飛雲閣以前は申し込みさえすれば、時期に関係なく見学だできたこの建物も、最近では特別公開などの時期しか見れなくなってしまった。年に1、2度しかないそんな機会の一つとなったのが今回の「下京門前町ルネッサンス」。通常の拝観と同じく建物に入ることはできないが、日頃は高い壁に囲まれ見ることにできないこの建築を無料で見学できる。

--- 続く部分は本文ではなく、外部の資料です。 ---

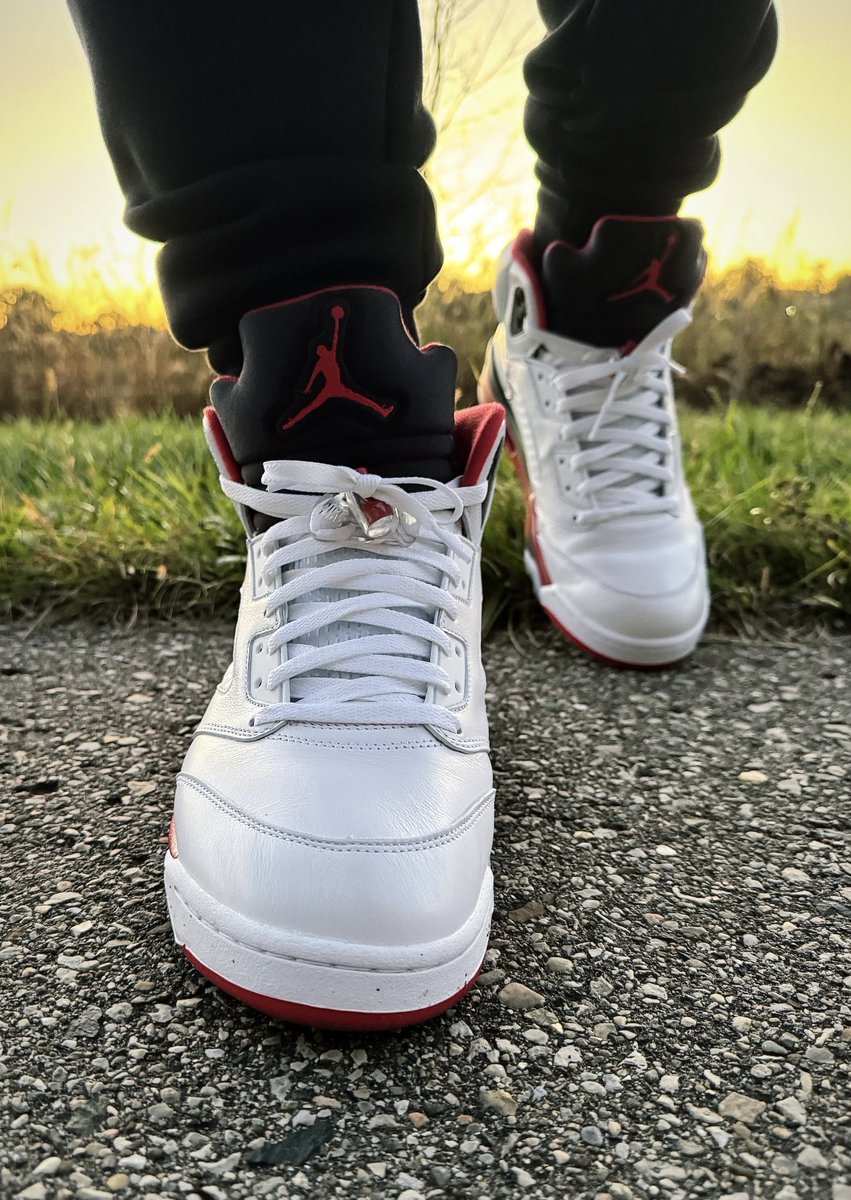 NNavram's tweet image. Fire Reds at twilight turned a random walk into an epic photo shoot! 🌅👀🔥 

Happy Wednesday we made it! @snkr_twitr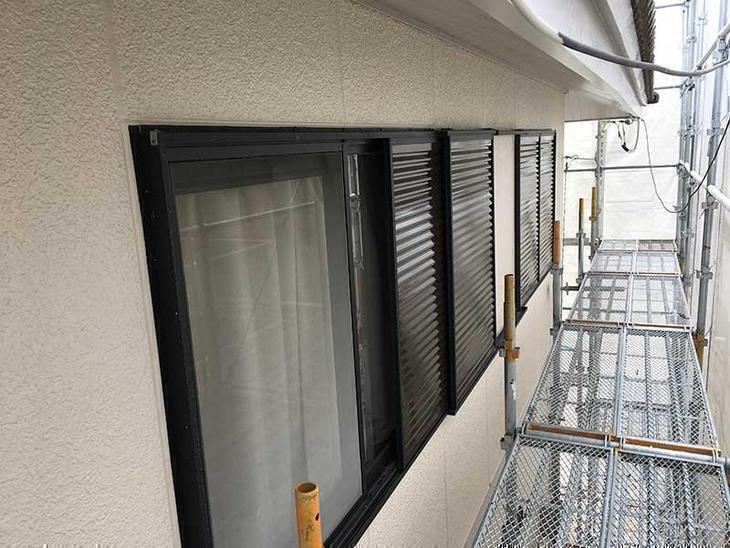 外壁塗装も終盤。今日は雨戸板の塗装です。担当：吉田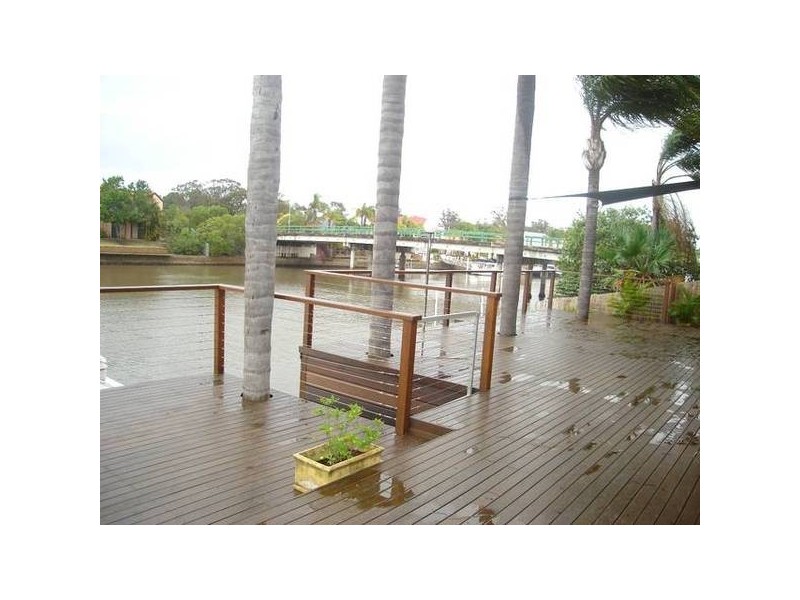 Sundance Way, Runaway Bay QLD 4216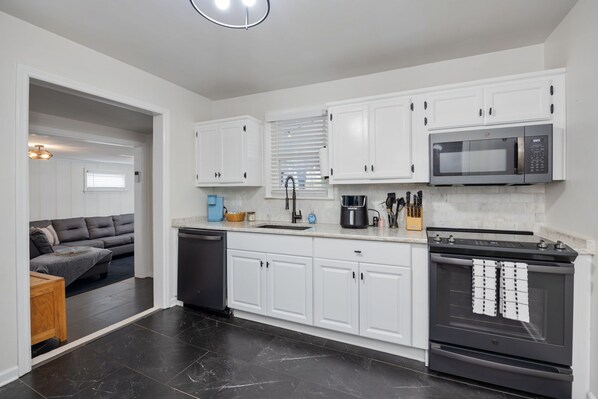 Réfrigérateur, four à micro-ondes, un four, surface de cuisson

滴翠園(てきすいえん)と名づけられた庭園の、池に面して建てられた建物は3層からなる楼閣で、各層が変化に富んでいる。初層は入母屋造で、内部には池から直接、船で出入りできる舟入の間や蒸し風呂式の浴室がある。中層は寄棟造で外の板戸には三十六歌仙が描かれており、歌仙の間という部屋がある。上層は宝玉造で摘星楼と名づけられた草庵風の茶室。

このように外観も内部構造も他では見れな変化に富んだ飛雲閣。寺院でありながら皇室や公家、さらには武家との深い関わりを持っていた西本願寺という大寺院を、象徴するかのような複雑かつ華やかな建物がそこにある。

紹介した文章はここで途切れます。